The British home office even issued a statement, which said, during the discussions with social media executives, efforts were made to look into “how law enforcement and the networks can build on the existing relationships and cooperation to prevent the networks being used for criminal behaviour. The government did not seek any additional powers to close down social media networks.” Comments Saxena, “The question is to recognize the power of social media and evolving model of governance to use this power for affirmative social action. In that context, banning GPRS, much less just some social media websites, displays ignorance of this power of technology.”
Yet, what surprised me was, there was little or no adverse reaction on the mobile internet ban in Gujarat. There was an isolated statement by Gujarat’s Computer Education Association which characterized the ban as characteristic of “Taliban thinking”. Civil society, whatever it exists in Gujarat, was quiet. While several activists justified the ban as “necessary initially” to my query “How does one interpret ban on mobile internet?”, only Cedric Prakash, a Jesuit human rights activist, forthrightly told me, he believes it is a “clear step towards emergency”.
I talked with several Sachivalaya officials on the issue. While some of them justified the ban, others said they had contacted state home secretary PK Taneja to find out when it was being lifted, as their “children’s education was suffering”. Though e-commerce took a heavy toll, the Gujarat Chamber of Commerce and Industry was quiet because, to quote one bureaucrat, “It has begun to act as a government department”! The local Gujarati TV channels took the news in a matter of fact manner, telling the viewers when the ban might be lifted. Reactions from ordinary people, including traders, began being taken only on the fifth day of the ban. There was a feeble Twitter campaign against the ban, but as mobile internet was banned in Gujarat, “victims” like me just couldn’t be part of it.

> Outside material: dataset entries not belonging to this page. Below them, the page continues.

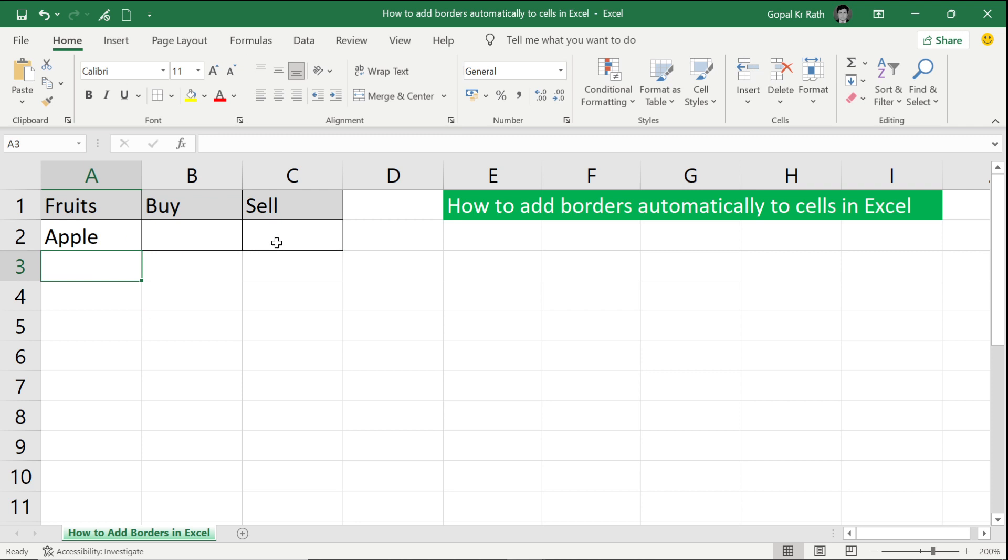So this is all about how you add borders automatically in Excel. If you are watching the video for the first time, then please subscribe to our channel and let us know if you have any questions or suggestions in the comment section below. Thanks for watching.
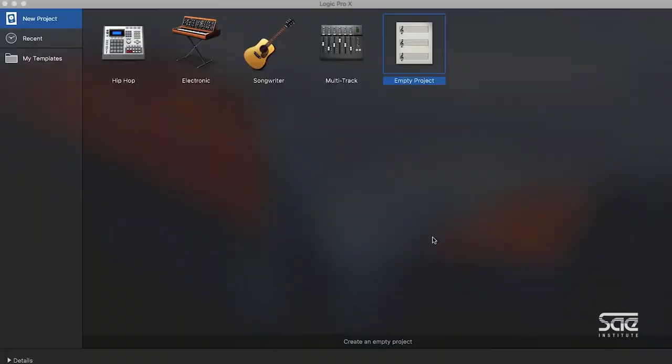When you open up Logic for the first time, it's going to show you this dialog box, which is essentially Logic's dashboard. What that means is it's going to let us choose what kind of session we want to create.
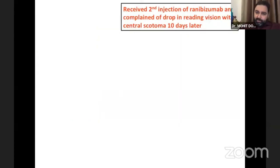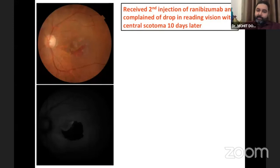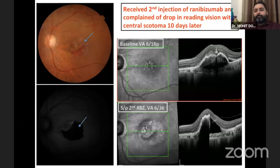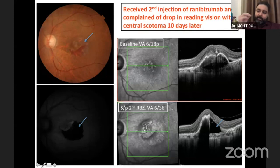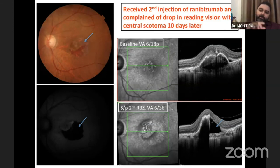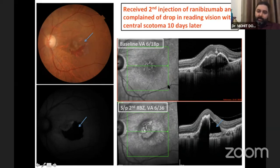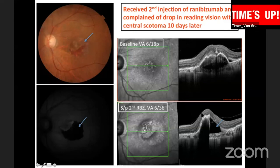The patient received a second injection but then complained of a drop in reading vision and a central scotoma ten days later. You can see the gray lesion with hemorrhage in the center; the autofluorescence shows what the patient unfortunately developed — a retinal pigment epithelium tear. It looks gray in the back of the eye. RPE tear is not commonly seen but can occur spontaneously or, more often, following anti-VEGF treatment. This was a case I wanted to highlight alongside PFT and CNVM as causes of gray macular membranes.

I don’t know if people in Delhi were aware of the ban till the fifth day of the ban. But when I contacted senior activist-journalist John Dayal, a well-known figure, on that day asking him whether he had reacted, he told me they did not read “any news” about it, wanting me to forward a story. Later, he put up a post on Facebook, which said, “Did the Gujarat government announce they had clamped on mobile internet, and apps such as WhatsApp? My friends wonder why civil society has not made any noise about it so far, protested this censorship, which sometimes is imposed in the Kashmir valley.”
Meanwhile, government officials were quoted as saying that a major reason behind the mobile internet curfew was, it feared, once it was lifted, video clips as “evidence of the role of Gujarat police in last week’s violence” would start tumbling out of “Anandiben Patel government’s cupboard”, to quote a senior journalist. Officials off-the-record said, cops had identified about 125 of the “most damning videos”, captured on their “CCTV cameras and mobile phones”, which provided “ample evidence of the role of powers that be in the violence”.